» **EXERCISE OBJECTIVE**
Print the lines from the one containing "大型新人教育指導 (全)" through the end of the material below, both included, exactly as they appear and without pictures.

» **SUPPLIED DATA**
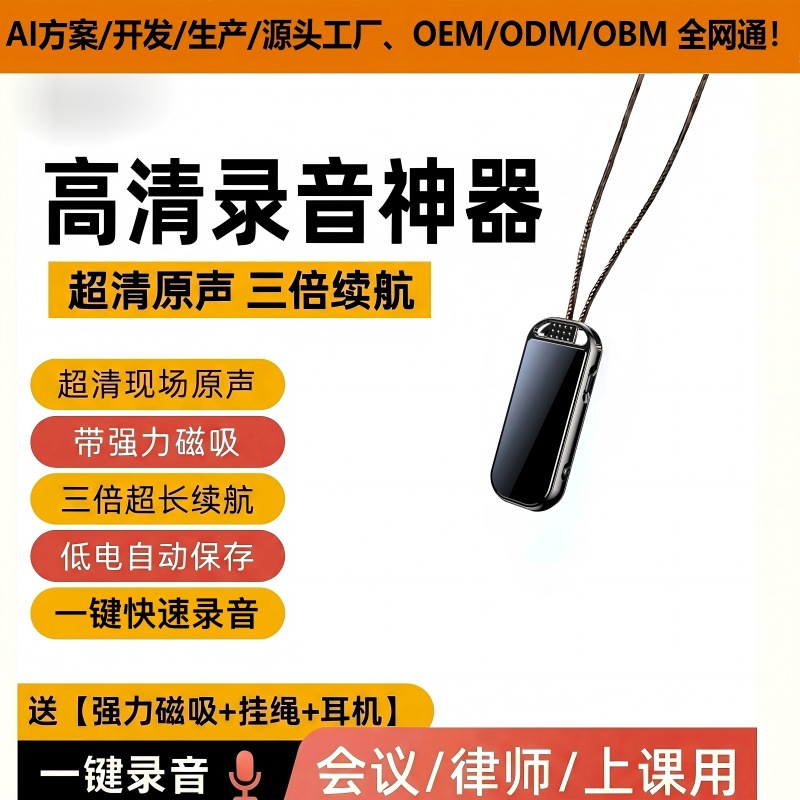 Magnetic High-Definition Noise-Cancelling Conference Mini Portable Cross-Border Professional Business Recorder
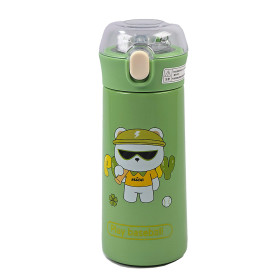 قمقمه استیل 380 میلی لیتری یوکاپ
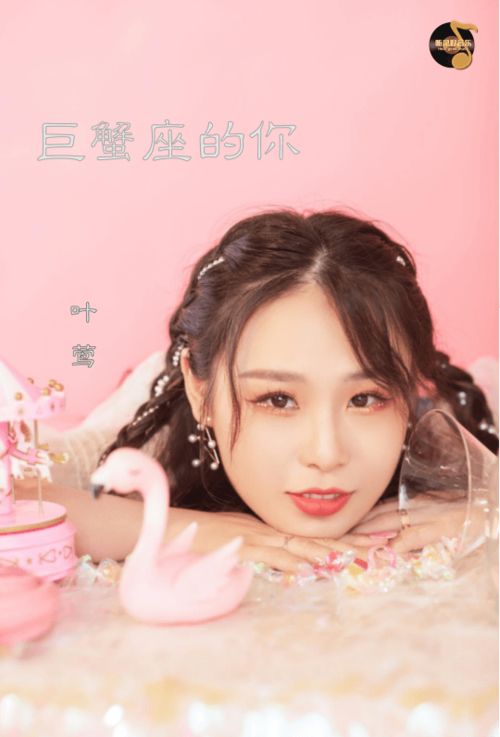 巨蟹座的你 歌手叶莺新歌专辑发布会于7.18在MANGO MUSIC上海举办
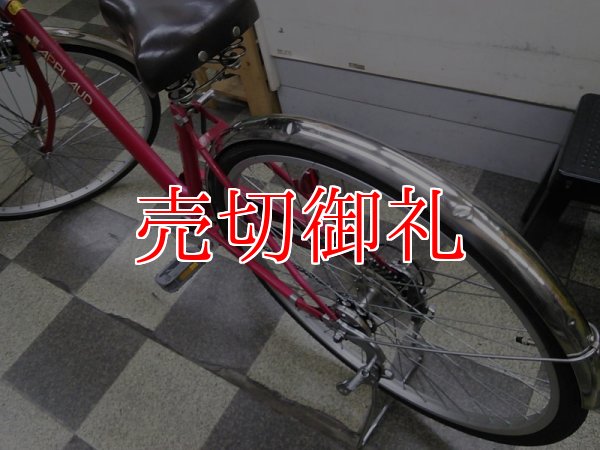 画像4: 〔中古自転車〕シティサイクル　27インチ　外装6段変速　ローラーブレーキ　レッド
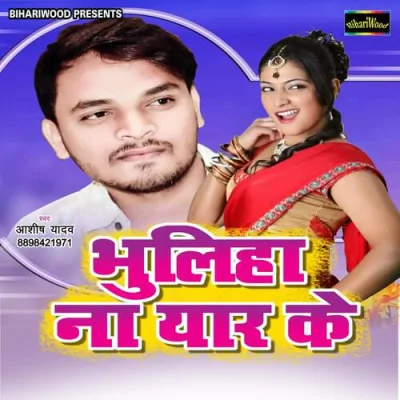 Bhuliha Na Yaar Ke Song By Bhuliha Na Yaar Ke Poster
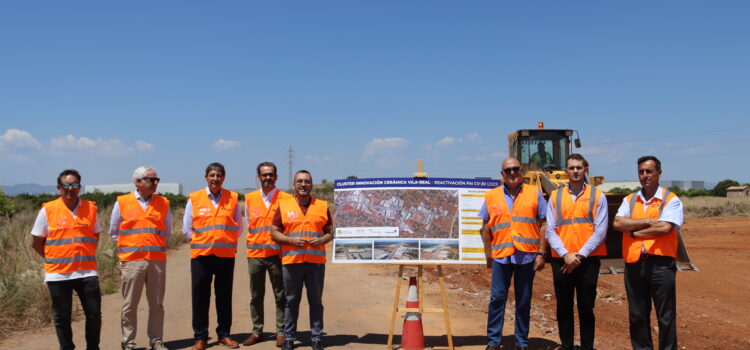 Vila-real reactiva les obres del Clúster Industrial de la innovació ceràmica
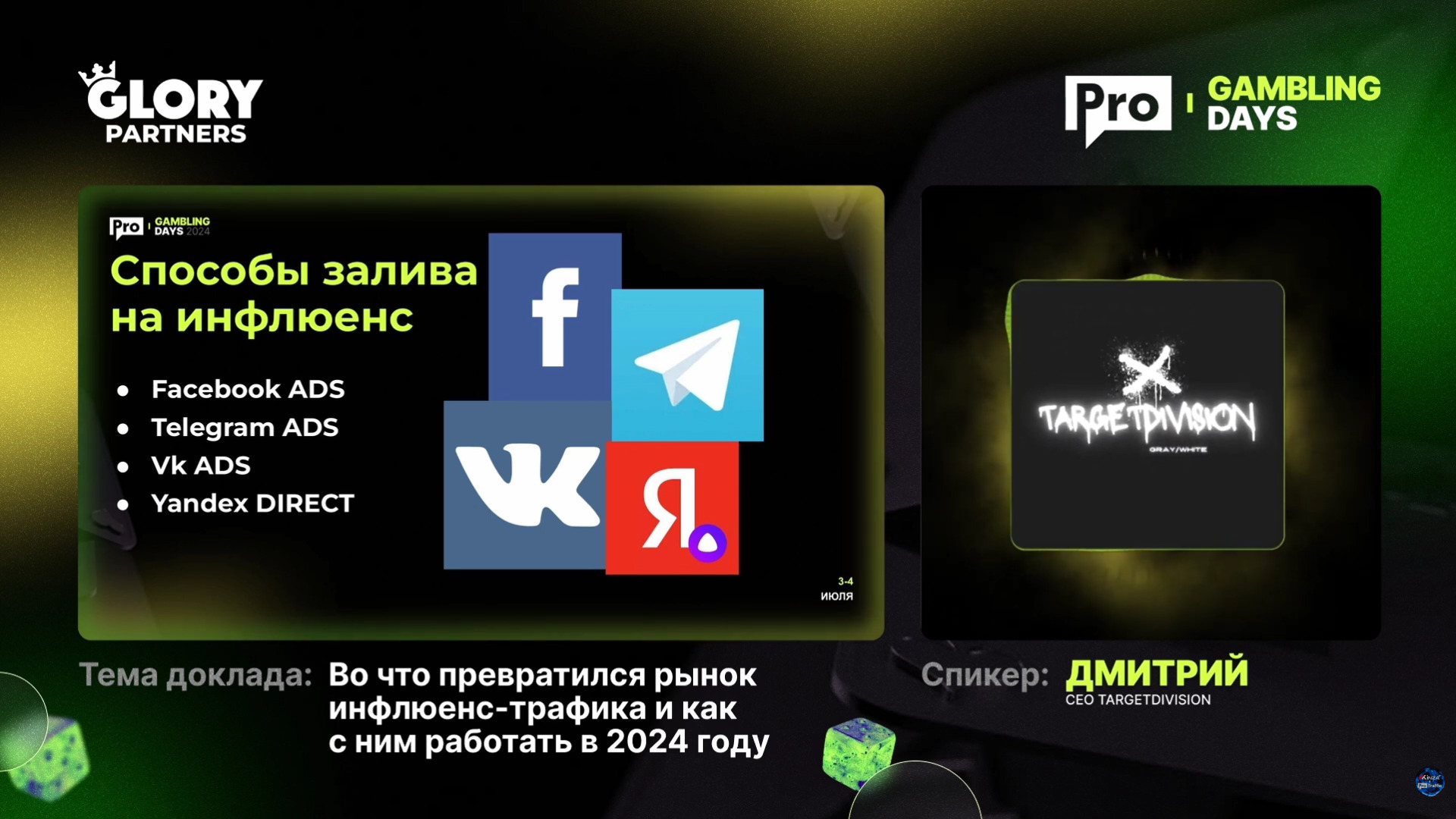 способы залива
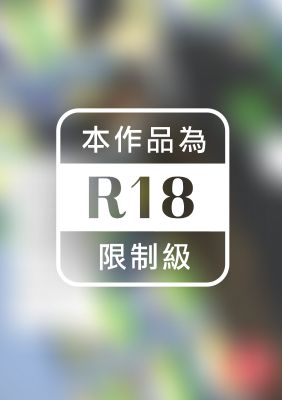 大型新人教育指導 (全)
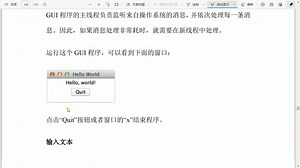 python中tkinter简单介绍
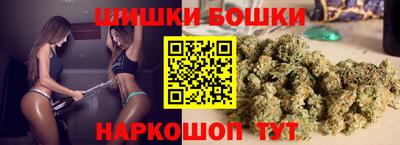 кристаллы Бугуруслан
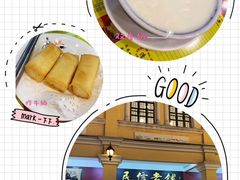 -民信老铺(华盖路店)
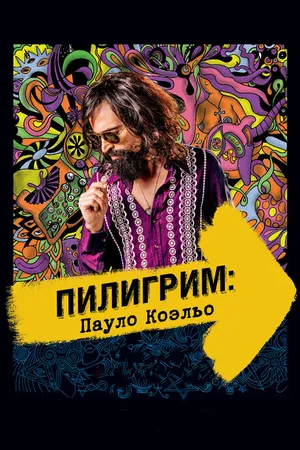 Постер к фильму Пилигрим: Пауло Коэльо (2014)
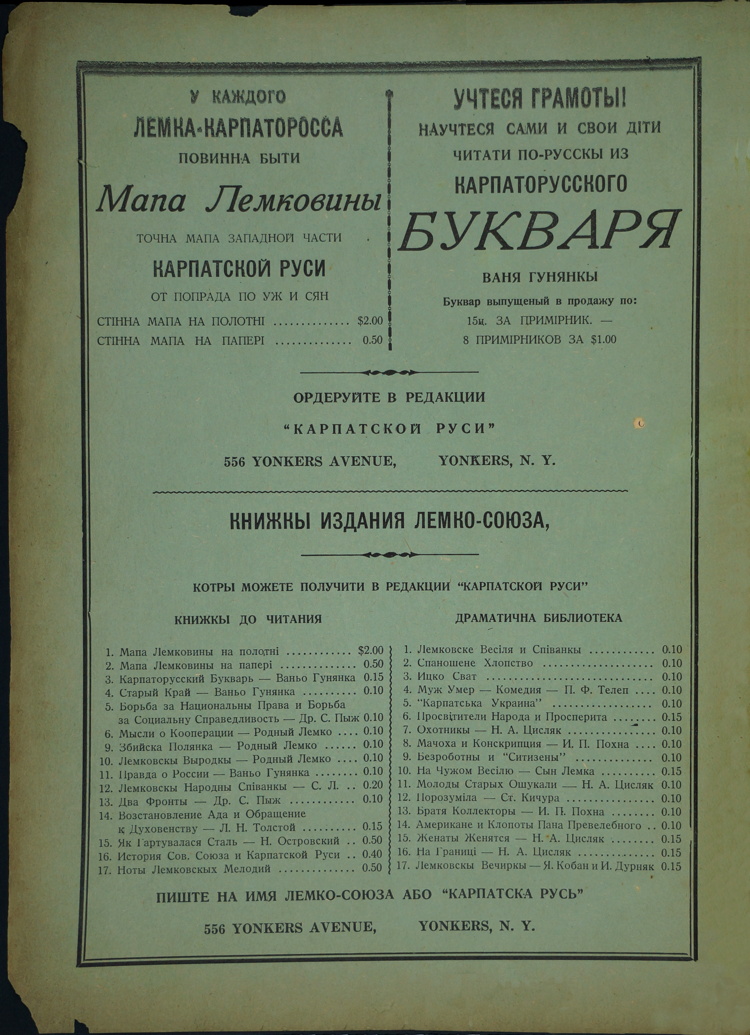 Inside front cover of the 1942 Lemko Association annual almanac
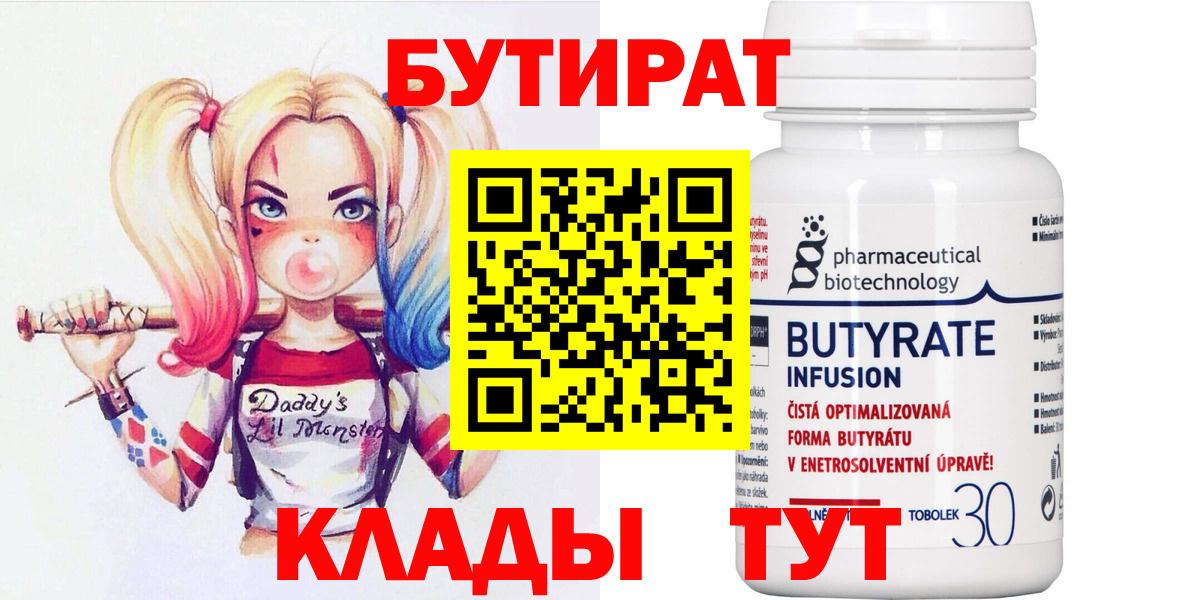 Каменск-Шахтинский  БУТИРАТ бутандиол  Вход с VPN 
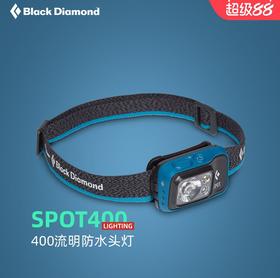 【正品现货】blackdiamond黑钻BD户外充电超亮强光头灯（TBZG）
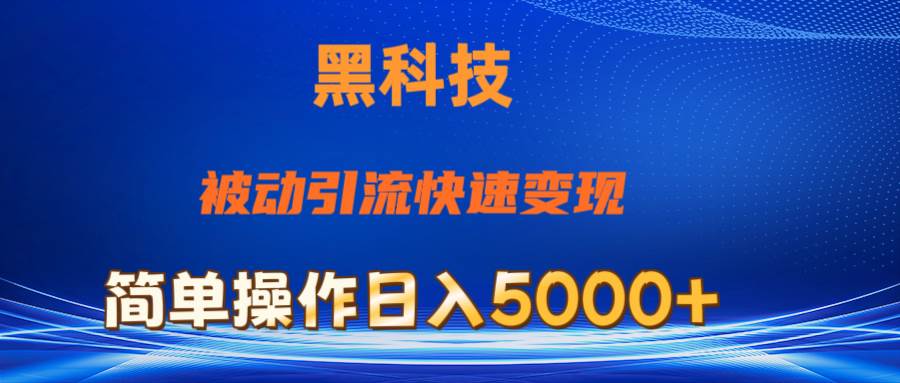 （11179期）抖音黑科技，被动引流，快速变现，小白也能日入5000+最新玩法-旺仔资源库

» **EXERCISE OUTPUT**
 大型新人教育指導 (全)
 python中tkinter简单介绍
 кристаллы Бугуруслан
 -民信老铺(华盖路店)
 Постер к фильму Пилигрим: Пауло Коэльо (2014)
 Inside front cover of the 1942 Lemko Association annual almanac
 Каменск-Шахтинский  БУТИРАТ бутандиол  Вход с VPN 
 【正品现货】blackdiamond黑钻BD户外充电超亮强光头灯（TBZG）
 （11179期）抖音黑科技，被动引流，快速变现，小白也能日入5000+最新玩法-旺仔资源库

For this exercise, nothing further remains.